After the tragedy at the Southwest Inn, there was an outpouring of financial support from the community. But in the terms of donations to the 100 Club, a generally well-respected organization, there was a flap over where the money was going -- and that issue was front and center Tuesday.
"We never intentionally deceived anyone," said 100 Club Executive Director Rick Hartley.
They're not accustomed to being under fire, but the 100 Club certainly has been recently, and at the root of it was a longstanding but perhaps not well-publicized rule.
"We cannot give the cash directly to a non-dependent family member," said Hartley.
What was well-publicized was a billboard that appeared shortly after the Southwest Inn fire showing the four who perished.
"Our concern was really the impression that people had when they were making donations that it was going to the families of the fallen, but it wasn't in this case," said Houston Professional Fire Fighters Association President Jeff Caynon.
Hartley said, "A good-intentioned outdoor advertising firm did it on their own without our knowledge."

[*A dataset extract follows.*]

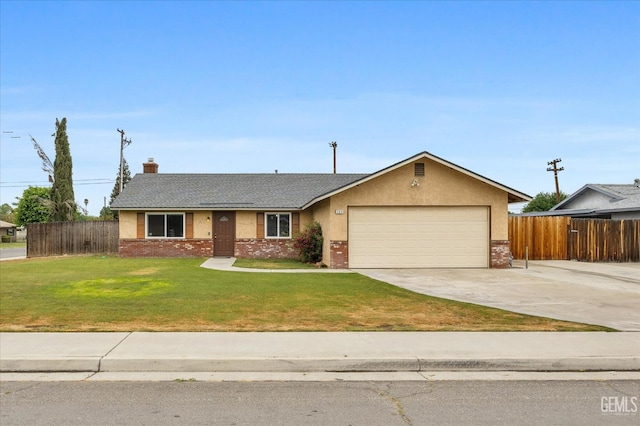 ranch-style home featuring fence, driveway, a front yard, and a garage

Now, under pressure, the 31,000 member organization is changing their rules. The previous blanket policy is being replaced with a case-by-case assessment in these cases where there are no direct dependents.
"We will provide $20,000 checks to the executor of the estate," said Hartley.
HPFFA confirmed to us Tuesday afternoon about $97,000 will new be split among the fallen firefighters' families -- that's money directly from the 100 Club.